Nos Cantos populares do Brasil, de Sílvio Romero, encontra-se a quadrilha:

Pirolito que bate, que bate,
Pirolito que já bateu:
Quem gosta de mim é ela,
Quem gosta dela sou eu.

O coletor patrício não a acompanhou de explicação particular, enxertando-a na série dos "Versos gerais", cuja rubrica é: "Origens - do português e do mestiço; transformações pelo mestiço". Só o fato de acharmo-la também nas coletâneas de Portugal, sem diferença mínima, certifica-nos da procedência exata.

Mas em nossa ex-metrópole corre outra, de maior ancianidade, da qual cumpre considerá-la mera variante. E é essa que nos fornece a chave do sentido afetuoso, uma imagem comparativa tomada ao reino vegetal.

Ouçam-na, antes da revelação:

Loreiro que bate, bate
Loreiro que já bateu.
Loreiro que bate, bate
Num amor que já foi meu.

O povo assimilou o gesto das mulheres doidivanas e presumidas, em vendo os apaixonados, aos movimentos dos ramos sobremodo flexíveis, apenas tangidos pela aragem. E a memória de D. Francisco Manuel de Mello, seiscentista ilustre, reclama a prioridade desta interpretação perfeita, visto como se lê na Carta de guia de casados, cap. VII ("Das várias castas de mulheres"):

"Mulheres há leves e gloriosas, prezadas do seu parecer: loureiras cuido que lhes chamavam os nosso antigos, por significar que a qualquer bafejo do vento se moviam."(1)

Às compartícipes do namoro de antanho, menos artístico que o flirt moderno, no furtivo dos olhares eletrizantes, pegou a antonomásia de loureiras, em vez de piroliteiras, porque só mais tarde o pirolito, na forma alterada do pirlito, substituiu na cantiga o loureiro, loreiro da pronúncia velha.

Isto ressalta da simples aproximação dos dois espécimens, alhures feita antes por outrem.

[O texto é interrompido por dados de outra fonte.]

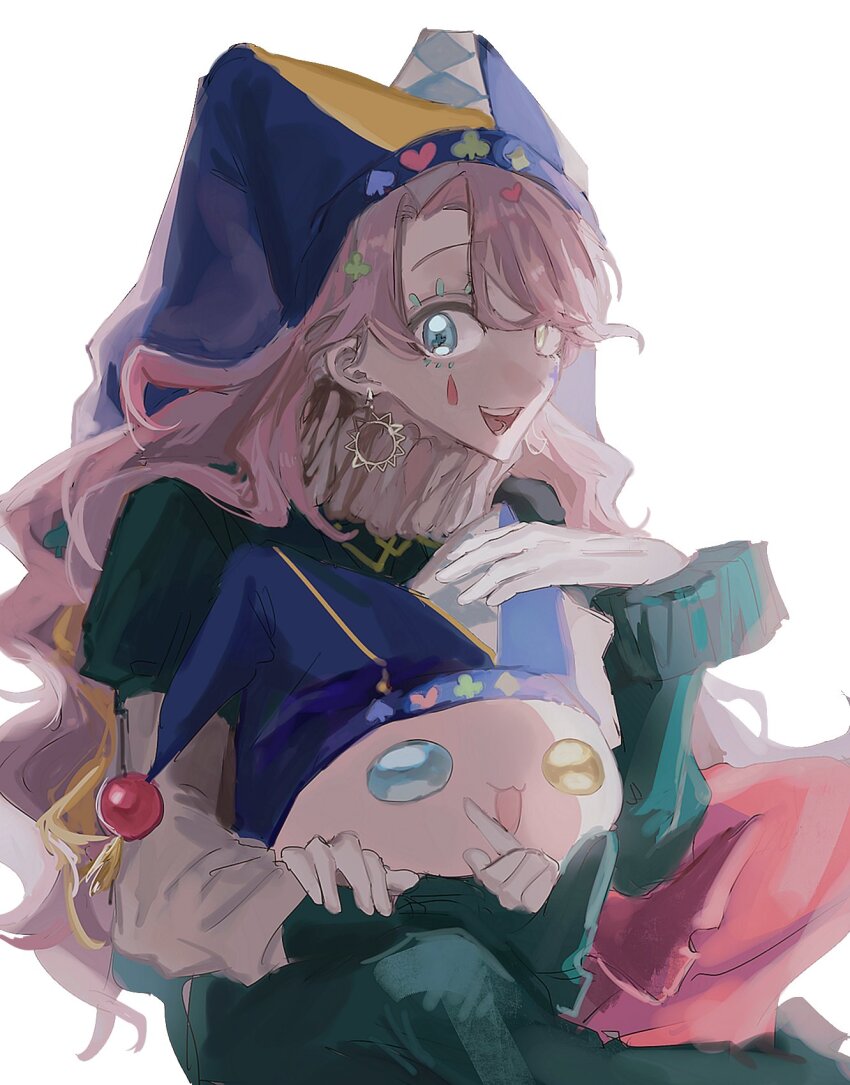 afro_puffs checkered_clothes checkered_hat checkered_pantyhose club_(shape) diamond_(shape) gloves hat highres jester jester_cap jikishirone long_hair looking_at_viewer madan_no_ichi mark_under_eye multicolored_hair multicolored_hat neck_ruff pantyhose pink_hair puffy_sleeves simple_background spade_(shape) streaked_hair striped_clothes striped_headwear striped_pantyhose vertical-striped_clothes vertical-striped_headwear white_background yuyu_(a07161092)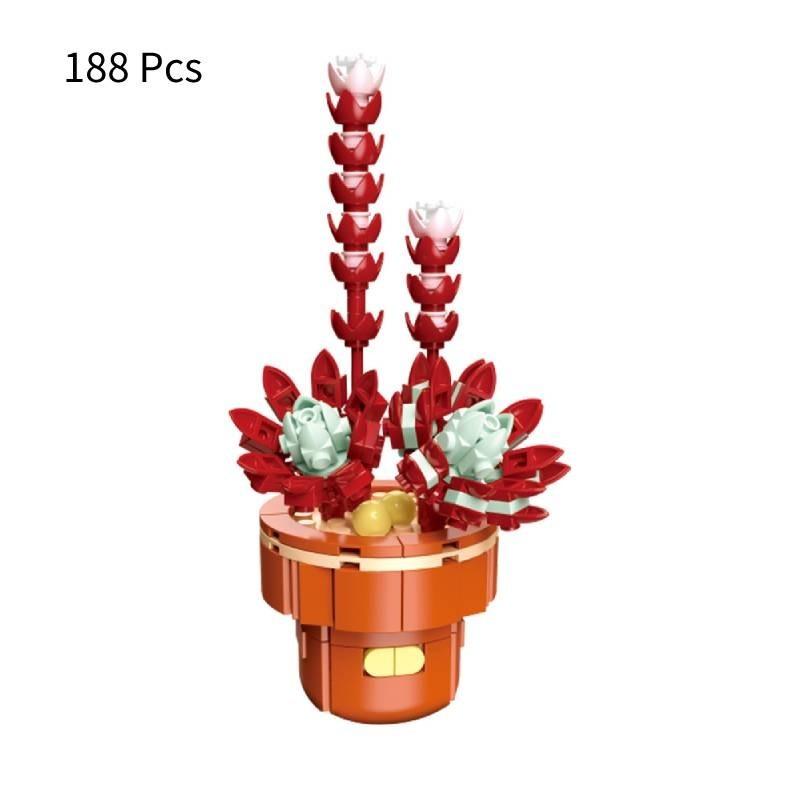 Exquisite Diy Mini Brick Plant Pot Model Kit Fun Plastic Building Blocks Toy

Em São Paulo, acrescenta-se ao primeiro traslado um outro, cuja essência é quase igual à do segundo, corroborando destarte a identificação: arquivou-o D. Alexina de Magalhães Pinto, à pág. 143 de Nosso brinquedos:

Pirolito que bate, bate,
Pirolito que já bateu:
A menina que eu amava,
Coitadinha! já morreu.

No vizinho Estado de Minas, consoante registro da distinta professora, loc. cit., o pirolito cambiou-se em fiorito. O fenômeno caracteriza a apropriação, como já em 1873 notava Celso de Magalhães: "O povo, no trabalho da transplantação, transforma primeiro aquilo que lhe impressiona mais os sentidos, e a natureza que o cerca é a primeira a fornecer símiles para essa elaboração." Assim se explica a mudança de juncal para capinzal, no ressabido conto da Madrasta, etc.

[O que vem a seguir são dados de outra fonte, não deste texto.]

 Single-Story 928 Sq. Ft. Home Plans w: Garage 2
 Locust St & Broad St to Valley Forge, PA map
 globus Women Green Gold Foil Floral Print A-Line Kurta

A despeito da graciosa lição centenária, que referimos há pouco ainda, as moças bonitas podem conservar-se à janela, mesmo quando crianças, batendo palminhas, imitantes a entrechoques de ramagens, entoem na rua o Pirolito que bate, bate... Ao repetirem a brejeirice dos adultos, elas fá-lo-ão inconscientemente, sem suspeitar que alguém porventura aguarda o simbólico transvôo de algum passarinho verde!

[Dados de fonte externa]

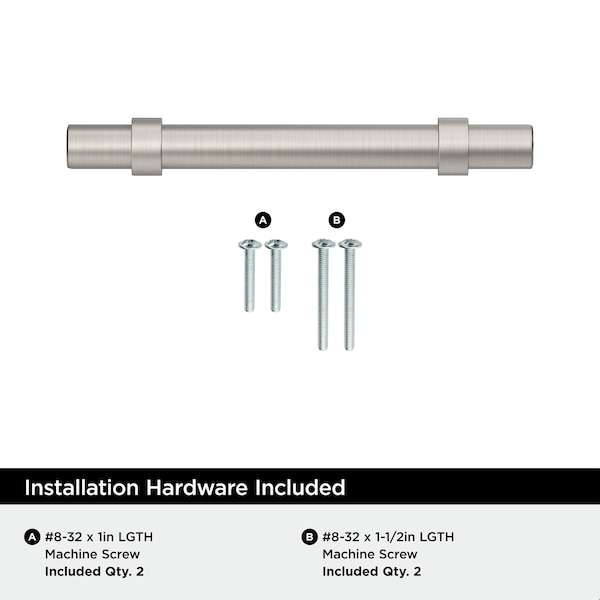 Amerock Central 3-3/4 inch 96mm Center-to-Center Satin Nickel Cabinet Pull, 10PK - 10VMP37161G10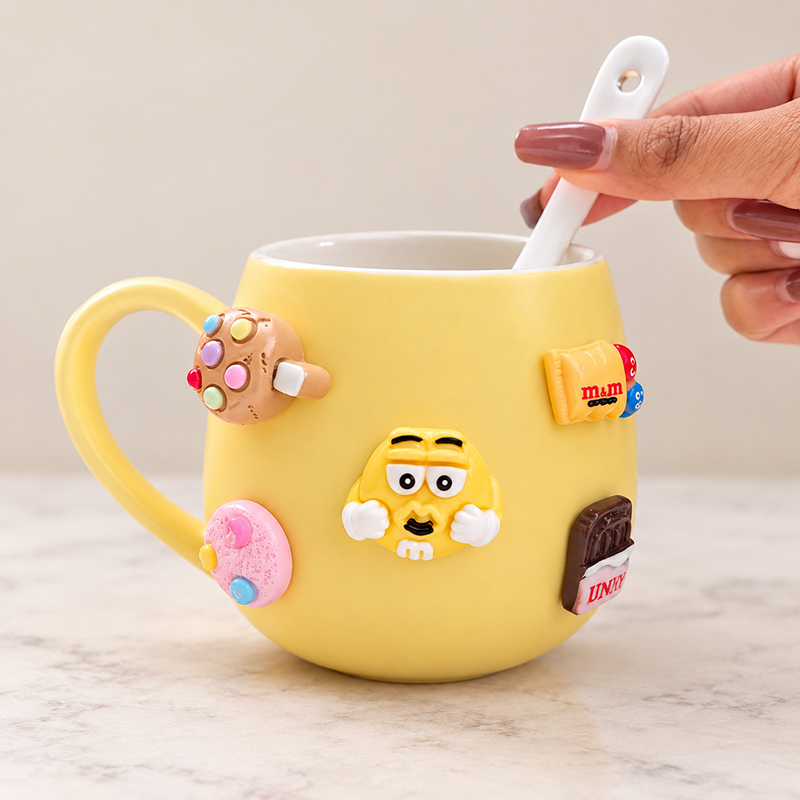 Ceramic Mugs - Yellow M&M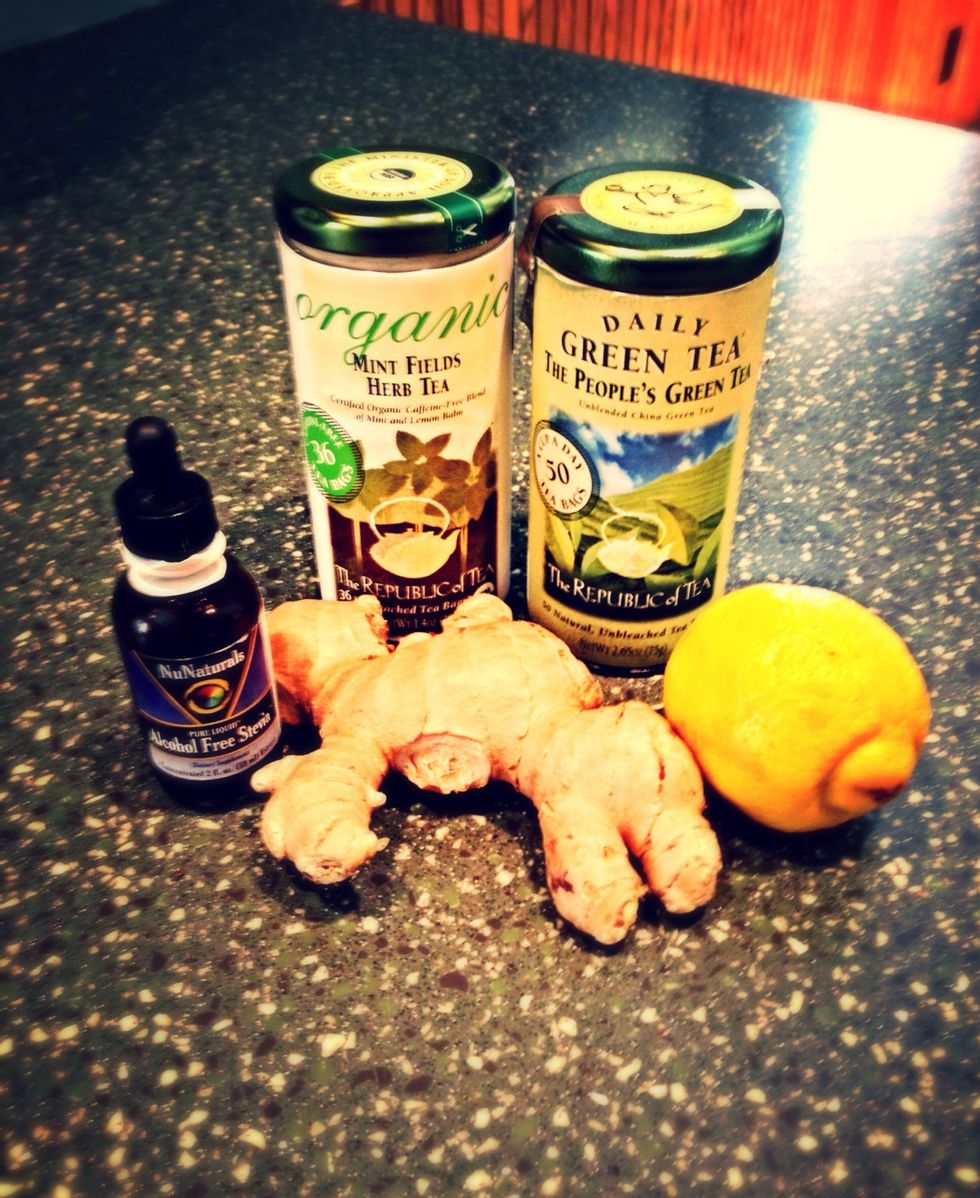 Get out tea, lemon, stevia, and ginger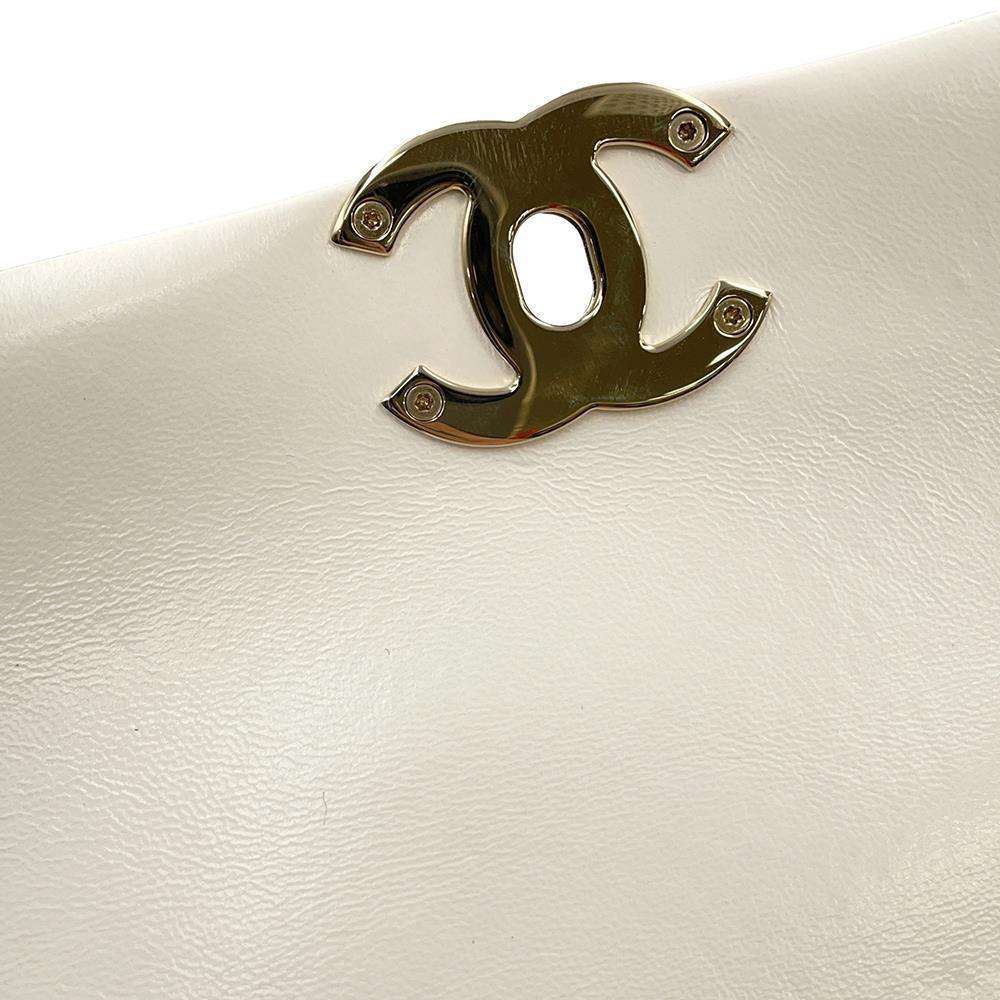 CHANEL Top Handle Flap 2wayShoulder Bag White AS4544 Shiny Calf Leather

(1) É desacertada, à plena evidência, a ementa de Filinto Elísio, Obras completas, ed. de Bobée, Paris, 1818, t. V, pág. 97:

"Loureiras chama D. Francisco Manuel (no Guia de casados) as mulheres que os franceses chamam femmes galantes. Creio que a razão de lhes dar esse título é tirada do costume dos taverneiros, que põem louro à porta, como sinal; a que na Lógica, que eu aprendi, chamaram ex-instituta."

(Aérides, 1918.)

 

FRASES HISTÓRICAS

A J. Augusto César

Disse Ludovic Halévy, em Notas e recordações:

"Decididamente, não há senão um número limitado de frases que fazem o giro da história, de espaço a espaço.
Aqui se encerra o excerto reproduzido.